◆ Records to process ◆
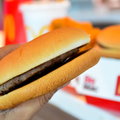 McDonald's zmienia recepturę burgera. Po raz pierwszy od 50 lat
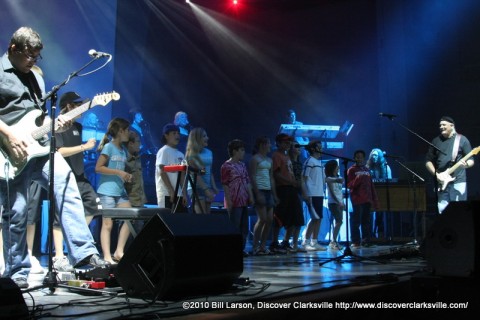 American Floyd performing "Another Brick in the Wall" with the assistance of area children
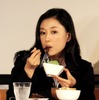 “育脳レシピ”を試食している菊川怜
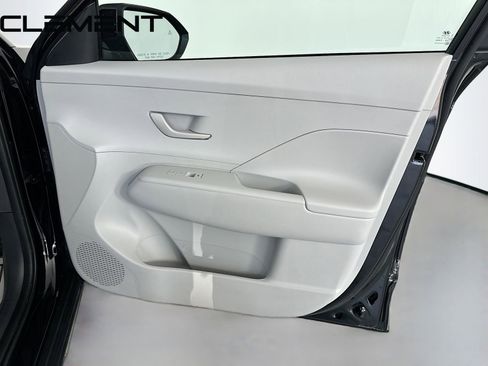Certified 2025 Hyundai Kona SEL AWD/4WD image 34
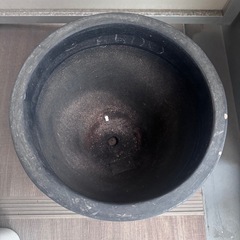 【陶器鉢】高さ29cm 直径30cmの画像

◆ Exercise prompt ◆
From the line containing "American Floyd performing" to the end of the data above, give those lines again verbatim, with both endpoints included and no images.

◆ Expected answer ◆
 American Floyd performing "Another Brick in the Wall" with the assistance of area children
 “育脳レシピ”を試食している菊川怜
Certified 2025 Hyundai Kona SEL AWD/4WD image 34
 【陶器鉢】高さ29cm 直径30cmの画像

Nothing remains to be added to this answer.